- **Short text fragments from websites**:
::::

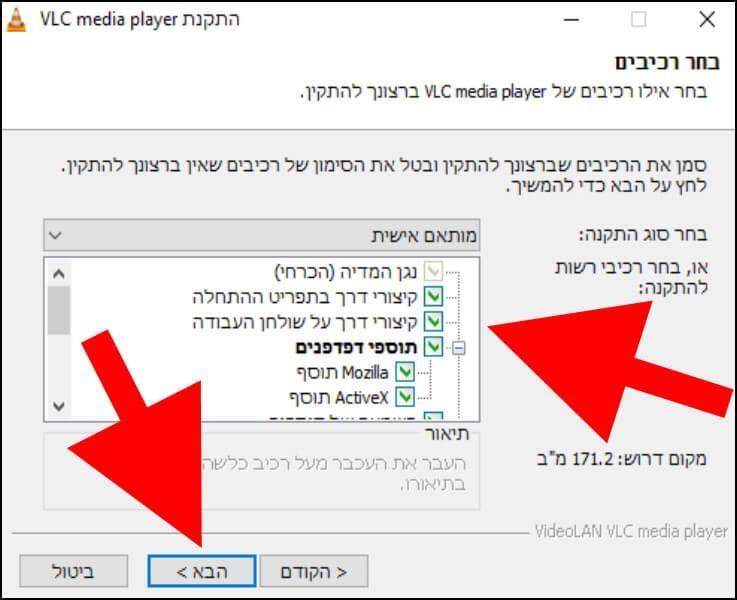 בחרו את הרכיבים והתוספים שאתם מעוניינים להתקין בנגן המדיה VLC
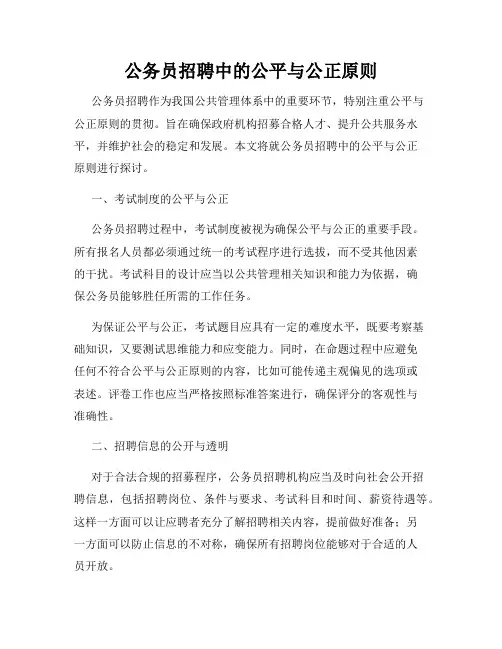 公务员招聘中的公平与公正原则
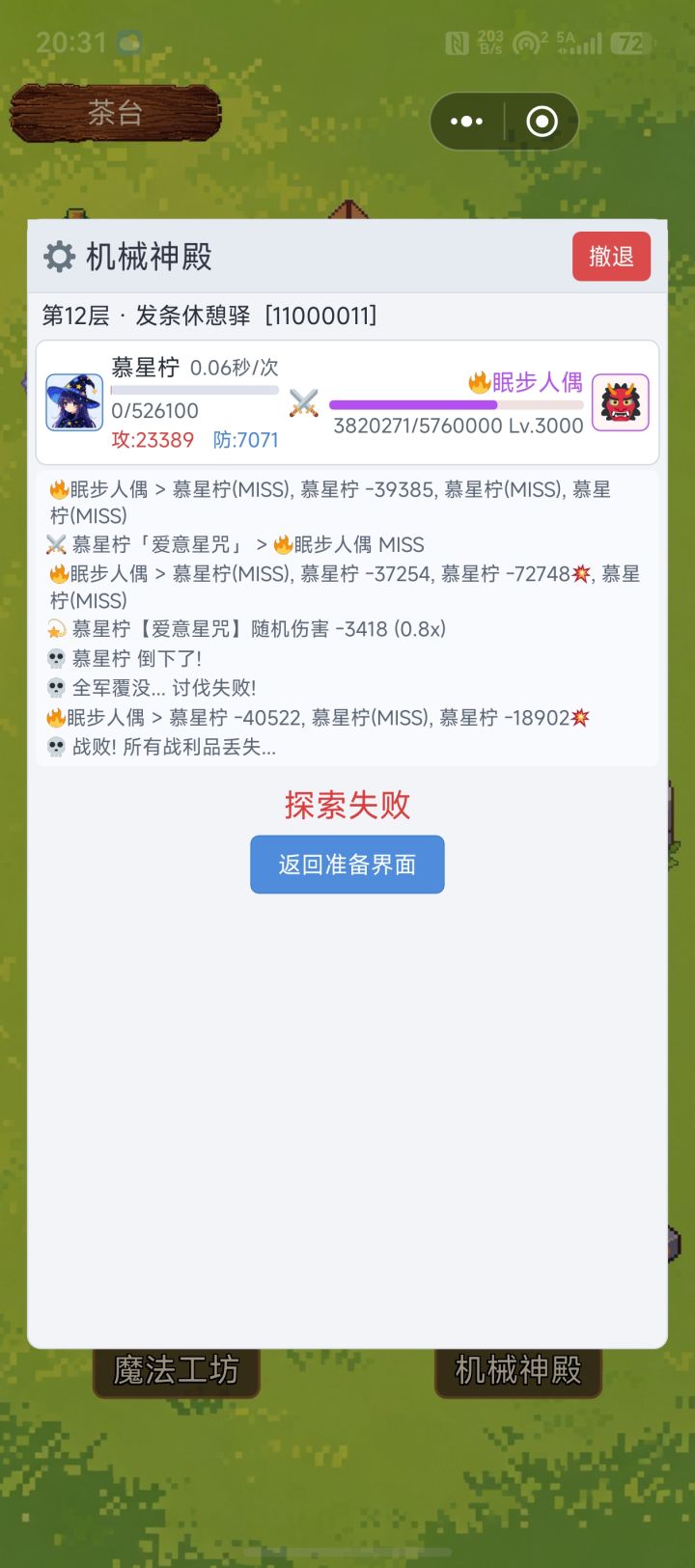 机械神殿怎么打截图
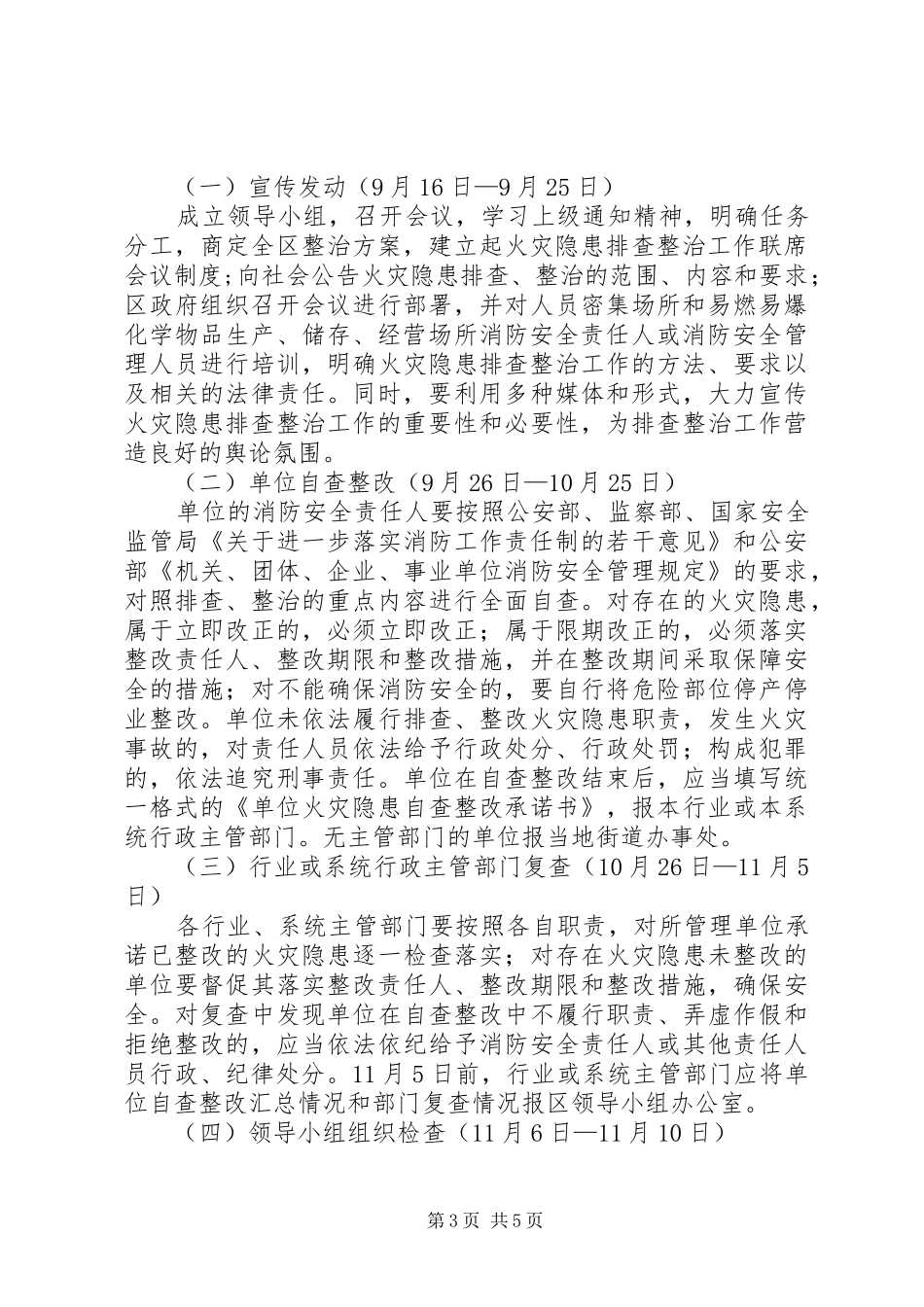 火灾隐患事故排查整治实施方案_第3页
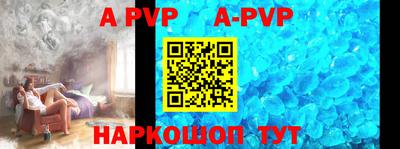 кокс Малоярославец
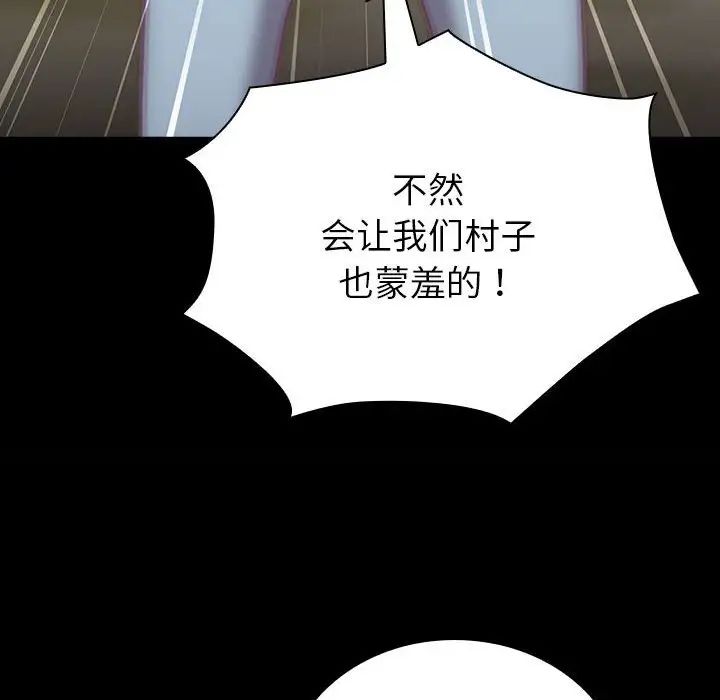 不请自来的未婚妻第75话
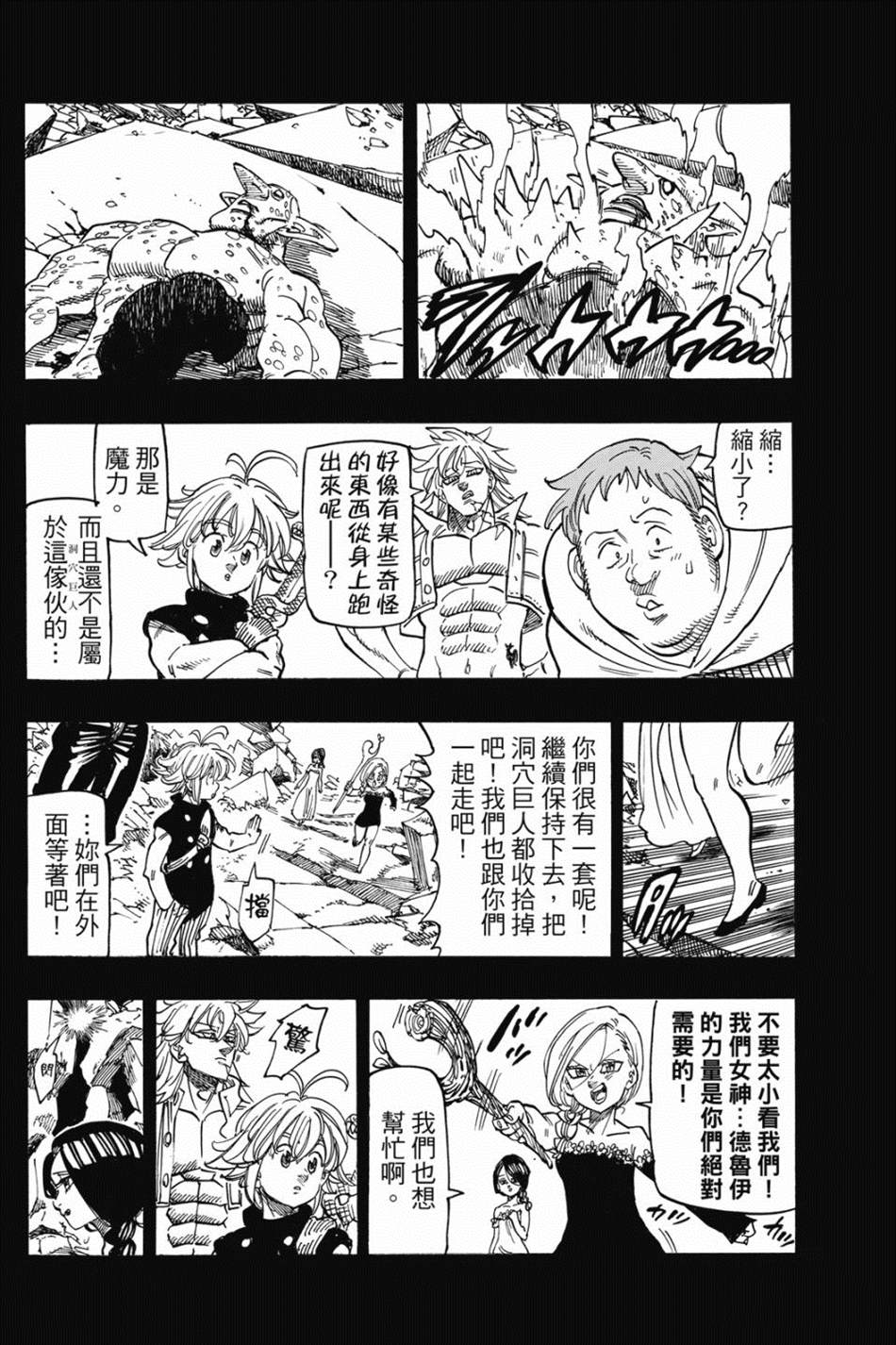 七大罪外传集〈实罪〉 第1话 第176页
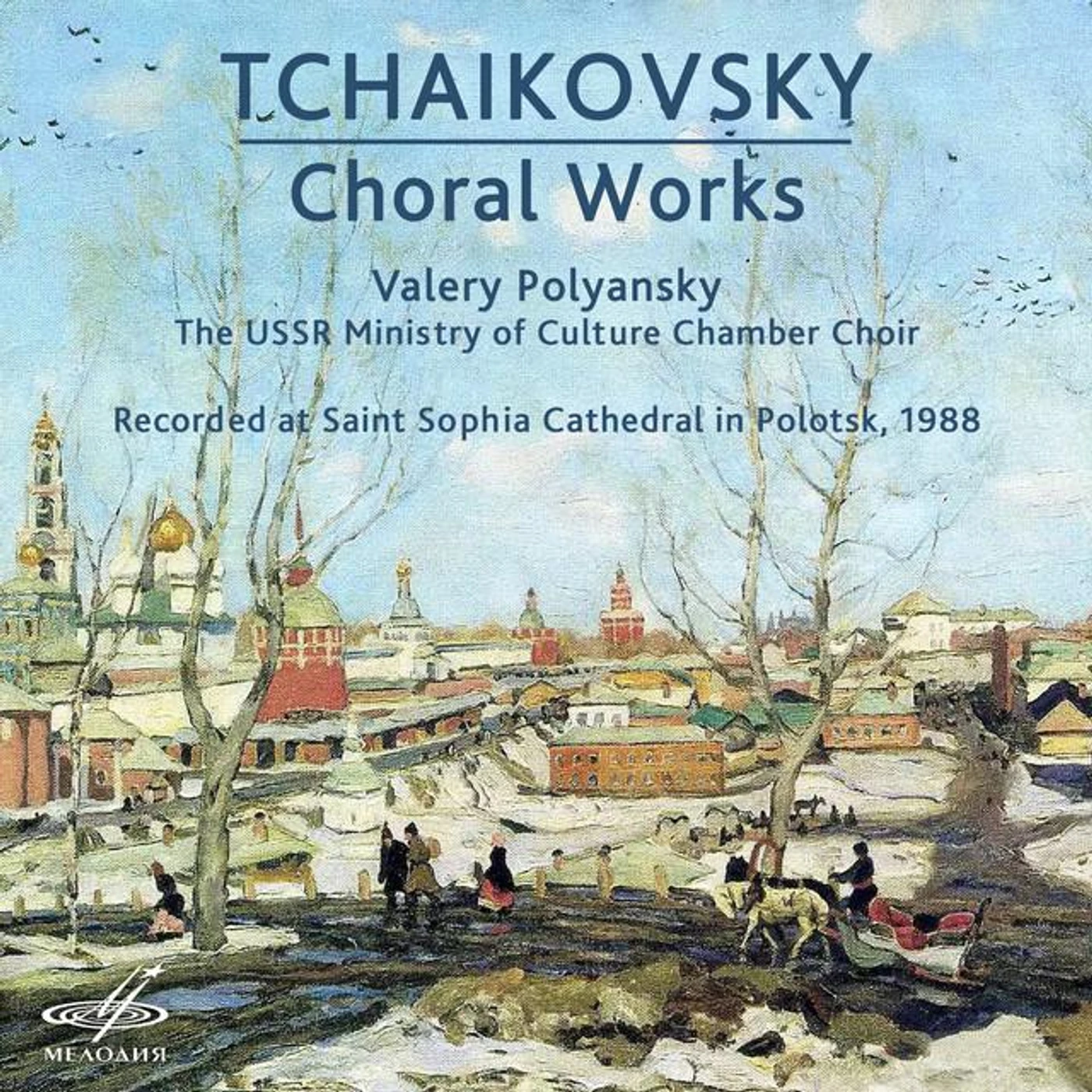 USSR Ministry of Culture State Chamber Choir Brand Page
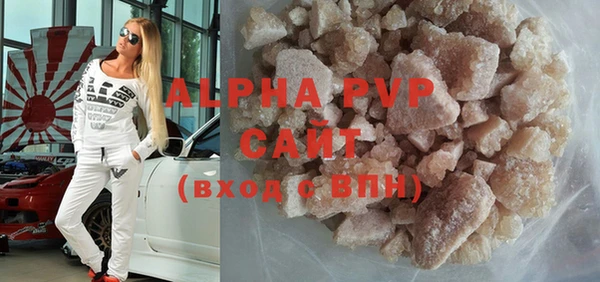 марихуана Верея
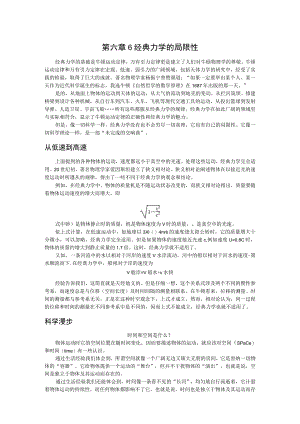 第六章6经典力学的局限性.docx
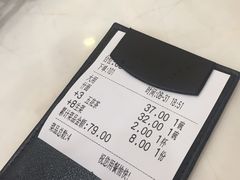 账单-香港麦奀云吞面世家(中山二路店)
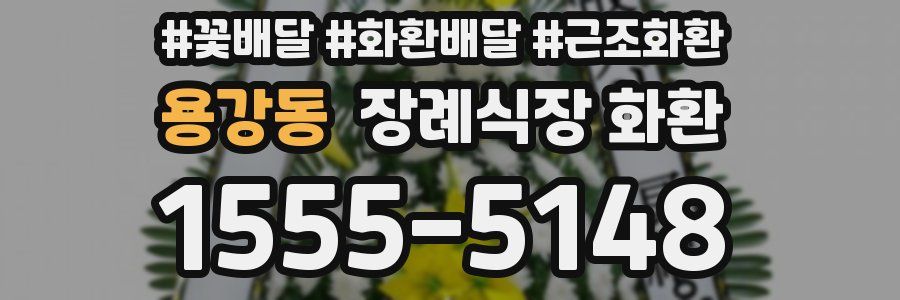 용강동 장례식장 화환
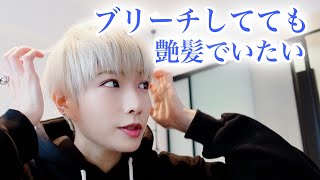 【ヘアケア】毎月ブリーチしても綺麗な髪でいたいよね。お家で使うおすすめシャンプー&トリートメント紹介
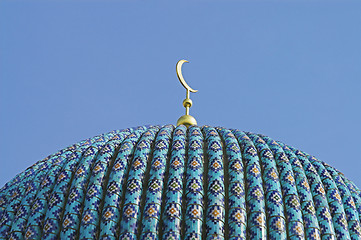 Image showing top of the tiled dome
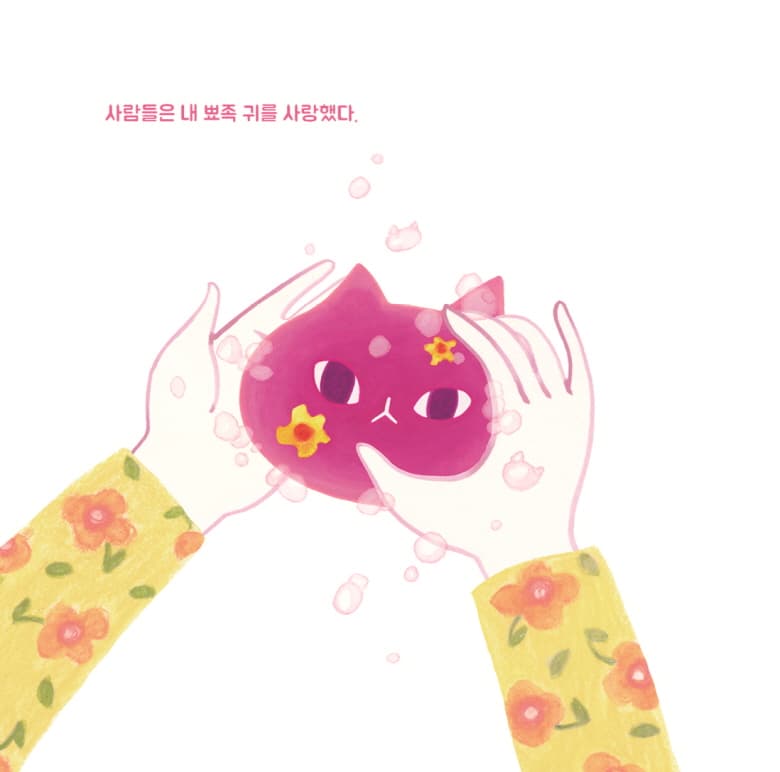 꽃무늬 고양이 비누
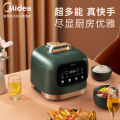 复古小方煲电压力锅 3L 小巧收纳 全彩触控大屏 8大菜单 MY-YL30M5-711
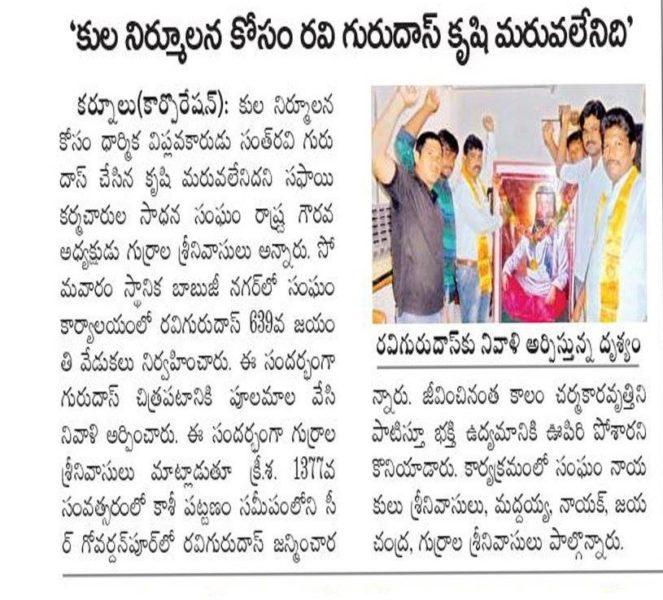 Gurrala Srinivasulu (117)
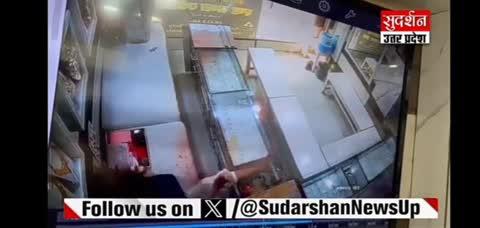 ज्वेलर्स की दिन दहाड़े चाकूओ से गोदकर हत्या व्यापारियों में आक्रोश।
सुदर्शन न्यूज की खास
रिपोर्ट देखें।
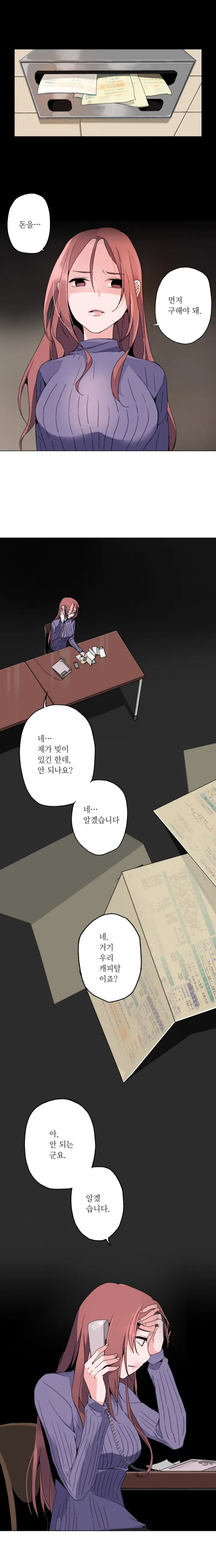 웹툰 이미지 43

::::

The answer must be an exact transcription of the lines from the one containing "용강동 장례식장 화환" through the last line of the records above, both included, with no pictures.

 용강동 장례식장 화환
 【ヘアケア】毎月ブリーチしても綺麗な髪でいたいよね。お家で使うおすすめシャンプー&トリートメント紹介
 Image showing top of the tiled dome
 꽃무늬 고양이 비누
 复古小方煲电压力锅 3L 小巧收纳 全彩触控大屏 8大菜单 MY-YL30M5-711
 Gurrala Srinivasulu (117)
 ज्वेलर्स की दिन दहाड़े चाकूओ से गोदकर हत्या व्यापारियों में आक्रोश।
सुदर्शन न्यूज की खास
रिपोर्ट देखें।
 웹툰 이미지 43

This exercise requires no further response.